To speed up the process she wants to talk about the downfall of the marriage and his part in it (to get him to reckon it was not her fault).

No mixed messages.

Just a theory.


----------



## SamuraiJack

poppyseed said:


> Soooo..Sam..Can I ask if your ex is living with OM since three years ago, please, presumably? Hope you don't mind me asking this? 3 years post-D, are you still having this type of conversation? (sorry hope this does not come across as a form of criticism x)


She was with another guy for about a year after she divorced me. Then he rabbited and moved to TX. I havent heard of anyone since. But then again , its not like I listen for it.
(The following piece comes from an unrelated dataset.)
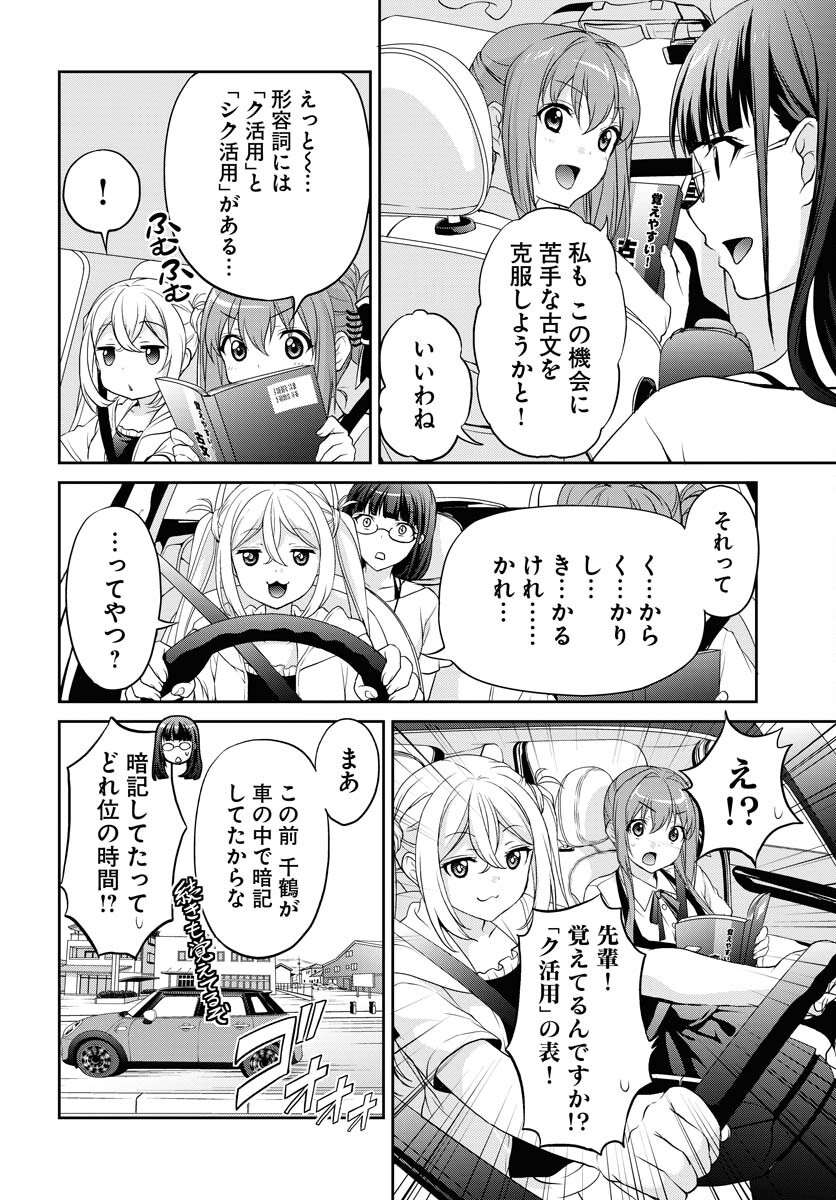 Iroha Drive Chap 21 - Pic 18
I try to steer away from any conversation about her.

The "get over it" was a reply to when I told her that I didnt trust her after the way she handled the exit from the marriage and I wasnt interested in being friendly with her. 
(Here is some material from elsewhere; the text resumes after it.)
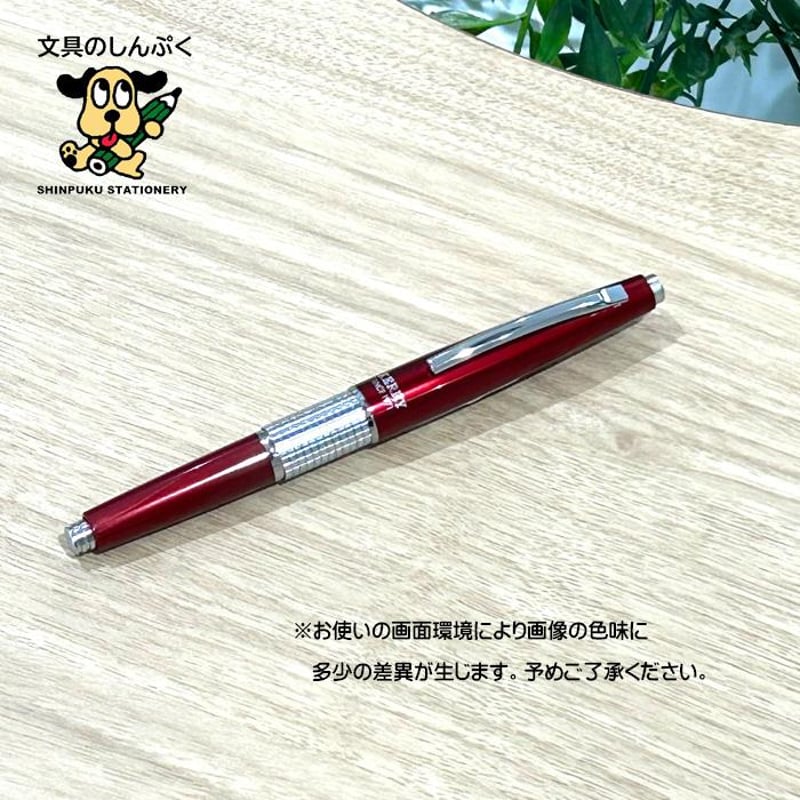 数量 限定 シャープペン 万年CIL ケリー 限定カラー レッド 0.5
I dont mind criticism. I know that there will be varying opinions from different people and some may be "more direct" than others.


----------



## bandit.45

Stop talking to her about extraneous things. Just talk about the kids and schedules. That's it.
_Posted via Mobile Device_


----------



## Jellybeans

SamuraiJack said:


> She was with another guy for about a year after she divorced me. Then he rabbited and moved to TX.
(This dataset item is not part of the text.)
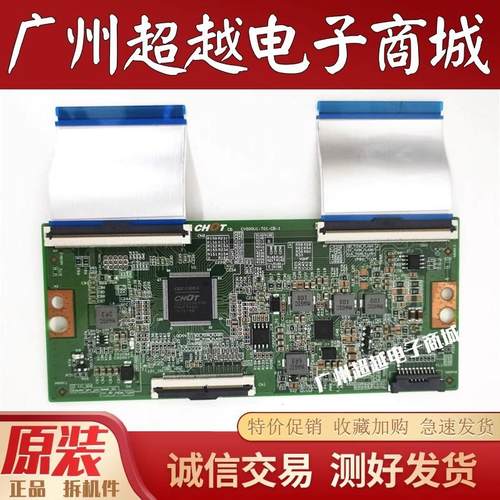 50寸逻辑板CV500U1-T01-CB-1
Rabbited? Does that mean he took of?

I've never heard that expression before.



SamuraiJack said:


> The "get over it" was a reply to when I told her that I didnt trust her after the way she handled the exit from the marriage and I wasnt interested in being friendly with her.


Which means you are still engaging her and bringing it into the conversation.

This will continue as long as you keep doing this.


----------



## SamuraiJack

EasyPartner said:


> :iagree: of course. So why would she do it?
> 
> Several theories already have been posted earlier on this thread.
> 
> Another one (and I may be way off here, but anyway).
> 
> Jack says his ex is giving mixed messages by talking of their former marriage, saying "to get over it" and to be "buddies" (whatever that means).
> 
> Maybe these messages aren't mixed at all.
> 
> She was said to be wishy washy/ambivalent earlier. Was she really? Did she love him anymore? No. Did she want to leave him? Yes. No ambivalence there.
> 
> But that didn't stop her from feeling guilty and/or ashamed for what she was going to do, or even still caring for him in some way; they were together for 15 years and he is the father of her children.
> 
> She may STILL feel this way.
> 
> So she knows he's still angry at her for what she has done... and she wants to get on friendlier terms (the "buddy request"), because when that happens he may (have) forgive her so she doesn't have to feel guilty anymore...
> 
> To speed up the process she wants to talk about the downfall of the marriage and his part in it (to get him to reckon it was not her fault).
> 
> No mixed messages.
> 
> Just a theory.


:iagree:
I like it. You, me, and my friend Ray both see the same thing. I like how you and poppyseed put it though. It was much more concise than I could put together because of my proximity to the problem. Nice! 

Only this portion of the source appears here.